Post by Ridgeglider »

Paul, could you elaborate on the notion of IRQ priority on the Nano? Not sure I follow your comment.

Most of the other NB platforms allow a priority parameter to be spec'd as part of SetIntC(). The Nano and MOD54415 lack that parameter. As I understood it, on the earlier platforms, the priority parameter allowed you to differentiate between interrupts at the same level.

For the external IRQs (1-7)the PRIORITY is fixed between 3&4. Any priority assigned to those external IRQs is ignored.

However, for all other IRQs, the old SetIntC() level and priority parameters allowed you to control how things worked.
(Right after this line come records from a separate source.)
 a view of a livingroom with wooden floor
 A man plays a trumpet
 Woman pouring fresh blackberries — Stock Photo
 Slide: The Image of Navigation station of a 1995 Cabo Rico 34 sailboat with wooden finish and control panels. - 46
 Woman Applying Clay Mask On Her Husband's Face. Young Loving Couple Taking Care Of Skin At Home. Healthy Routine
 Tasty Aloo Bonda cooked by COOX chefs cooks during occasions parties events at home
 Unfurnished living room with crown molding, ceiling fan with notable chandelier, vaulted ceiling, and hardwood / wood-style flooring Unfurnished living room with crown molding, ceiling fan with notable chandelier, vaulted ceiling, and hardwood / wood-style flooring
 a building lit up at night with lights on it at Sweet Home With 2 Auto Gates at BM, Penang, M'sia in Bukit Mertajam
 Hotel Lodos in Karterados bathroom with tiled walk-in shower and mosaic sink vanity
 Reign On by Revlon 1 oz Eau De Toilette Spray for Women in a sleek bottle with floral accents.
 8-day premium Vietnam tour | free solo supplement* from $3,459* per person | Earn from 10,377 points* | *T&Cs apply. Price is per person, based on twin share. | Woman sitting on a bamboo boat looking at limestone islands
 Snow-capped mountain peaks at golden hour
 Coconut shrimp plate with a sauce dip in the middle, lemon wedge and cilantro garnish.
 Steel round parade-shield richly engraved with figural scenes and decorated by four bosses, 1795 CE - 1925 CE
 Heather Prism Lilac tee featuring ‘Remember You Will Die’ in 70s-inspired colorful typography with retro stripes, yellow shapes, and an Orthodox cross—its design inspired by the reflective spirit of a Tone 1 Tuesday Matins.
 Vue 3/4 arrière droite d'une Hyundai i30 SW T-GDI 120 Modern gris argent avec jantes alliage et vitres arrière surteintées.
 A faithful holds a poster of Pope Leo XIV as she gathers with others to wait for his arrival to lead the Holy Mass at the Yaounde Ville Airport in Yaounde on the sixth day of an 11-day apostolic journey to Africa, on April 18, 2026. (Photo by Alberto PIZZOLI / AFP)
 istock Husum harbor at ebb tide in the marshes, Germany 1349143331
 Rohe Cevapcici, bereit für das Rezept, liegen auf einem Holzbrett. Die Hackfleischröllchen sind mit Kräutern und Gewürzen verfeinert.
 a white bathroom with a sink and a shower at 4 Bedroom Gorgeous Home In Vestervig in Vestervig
I think it was the NNDK that said "if 2 sources are at the same level, the IRQ that occurred 1st will be processed 1st. If 2 sources are at the same level, priority is determined as follows: Source w/highest PRIORITY (not LEVEL) is serviced 1st. If the 2 sources have the same priority, source w/lowest vector number is serviced 1st."

So, on the Nano, as a case in point: Serial IRQs use level 3. So too would the IRQ3 Pins[49] line. If the both occur simultaneously, what happens? My guess is that the IRQ w/ the lowest vector number is serviced 1st, ie the external IRQ3 IRQ. On the older (5270) platforms, you could have assigned a higher priority (eg more than 3-4) of say 5 to the serial routines, and then they would run first before a simultaneous IRQ3 event. This looks like it's not possible on Nano??
Is this correct?
Thanks.
Thanks.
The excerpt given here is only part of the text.